If you threaten to kill someone, chase them down a dark street and then attempt to kill them at a riot that you started, the fact that they're armed and you're not means squat. Don't try to kill kids and burn down their towns. You'll live longer.
"Rittenhouse is the one who is armed. People might not have attacked him if he's not brandishing a firearm."
Interesting argument, especially given the video clearly shows Jacob Blake, whom the police shot, was threatening said police with a knife. And he was the "reason" for the protests & riots.
> This is not how you run a civilized society. The problem is not so much the trial as it is the events leading up to it and the fact that kids walk around with powerful weapons.
You may be right, and personally I agree with you that bringing a rifle to a partially violent protest should be illegal, and that Rittenhouse is no hero or role model, but nothing you said has anything to do with whether this was murder or self-defense. Even if his possession of the gun had been 100% illegal, that would be a different charge.
It feels like you're conflating several questions: (1) whether Rittenhouse is a good or bad person; (2) whether it should be legal for people to walk around at night with a giant rifle; (3) whether what happened in this particular instance was murder or self-defense. All three of these are actually completely unrelated questions.
And you are ignoring the events that led up to a kid walking around with powerful weapon in the middle of a riot. In your other post, that is now flagged, you talked about how other countries have a "monopoly on violence". That monopoly was lost in Kenosha when the cops didn't intervene and the governor of the state refused to call in the national guard to put in an end to the riots.
Dangerous political gamesmanship between Trump and various mayors and governors got people killed, destroyed a ton of property, and has done permanent damage to the social fabric of this country.

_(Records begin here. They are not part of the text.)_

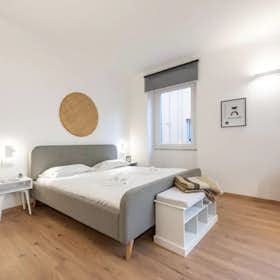 Appartement te huur voor € 3.000 per maand in Genoa, Via Raimondo Amedeo Vigna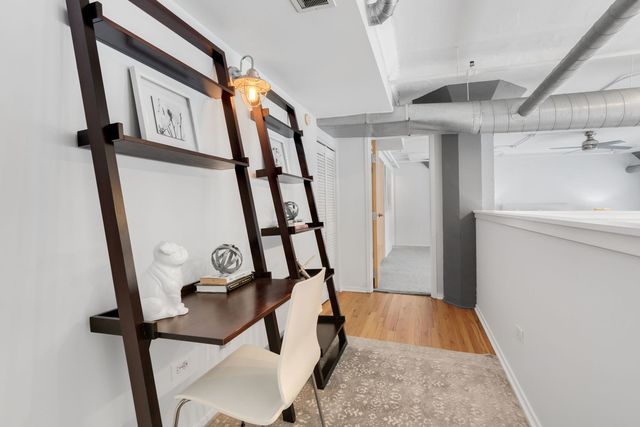 1601 S Michigan Avenue 107, Chicago, IL 60616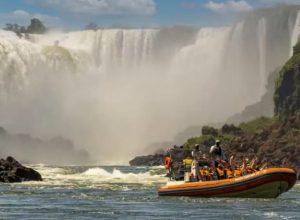Holandês morre durante passeio de barco nas Cataratas do Iguaçu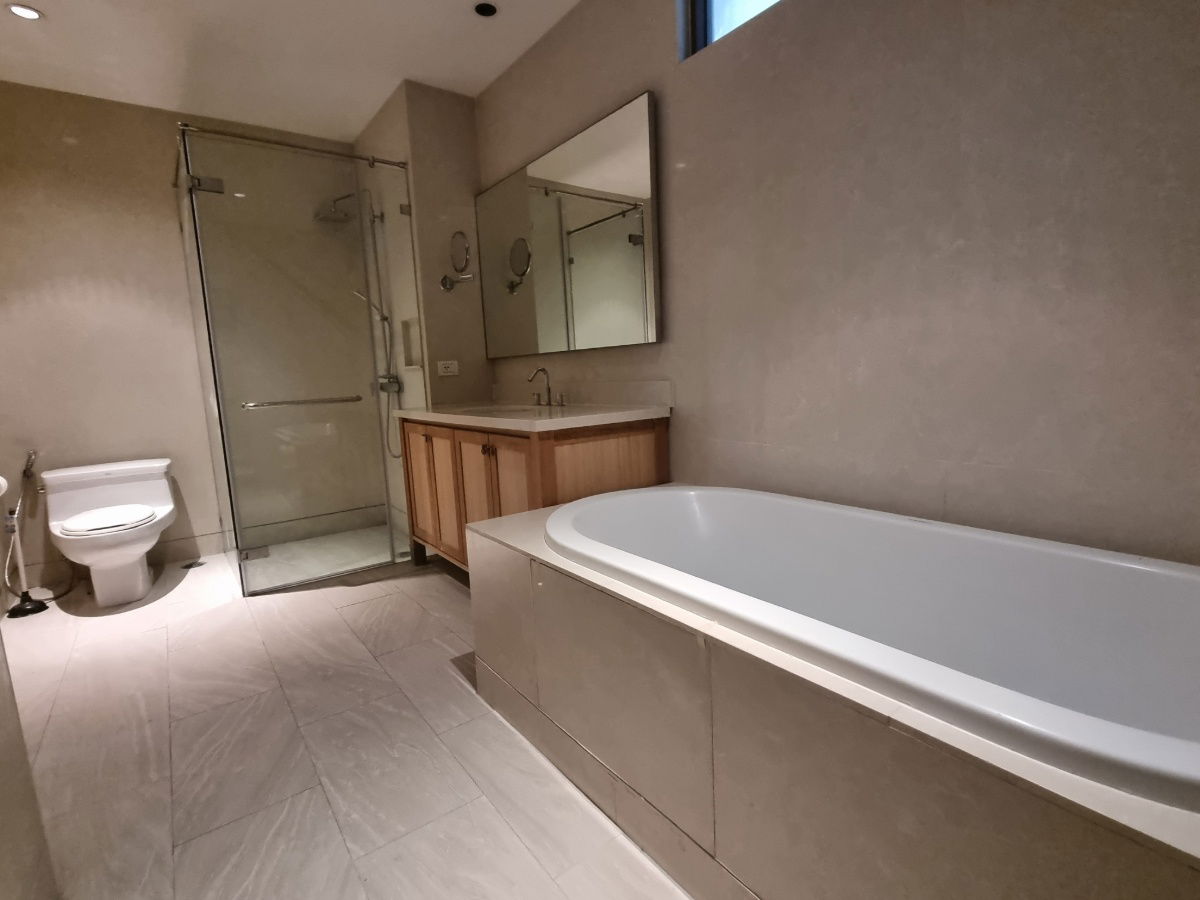 picture Your Dream Duplex Awaits! Live in Style at Emporio Place, Sukhumvit 24 - 18/20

I really think we should bring back a version of fairness doctrine [1] or right of reply [2] targeted at platforms like Facebook or Twitter. This is not really my area of expertise, but I suspect that might be more effective and practical than repealing Section 230 for addressing blatant censorship like this.
Good old days of the yore, when Twitter's general manager quoted the CEO saying "We are the free speech wing of the free speech party" [1], and the ACLU would rigorously defend free expression.
The BBC does not mention it, but Rittenhouse's ability to raise funds for a legal defense was also hindered on many levels, including blocks by Twitter, GoFundMe, and the Discover payment processor: https://reclaimthenet.org/facebook-blocks-givesendgo-kyle-ri...
Perhaps if their blocks were successful in preventing his legal defense, they could now claim to be justified by a guilty verdict..
Yes. The tech industry has made itself look exceptionally bad here. Facebook did something deeply unethical and now it's blown up in their faces. They will not admit that's what they did, but it was. They have directly contributed to the erosion of the principles of justice for no better reason than to appease radical employees.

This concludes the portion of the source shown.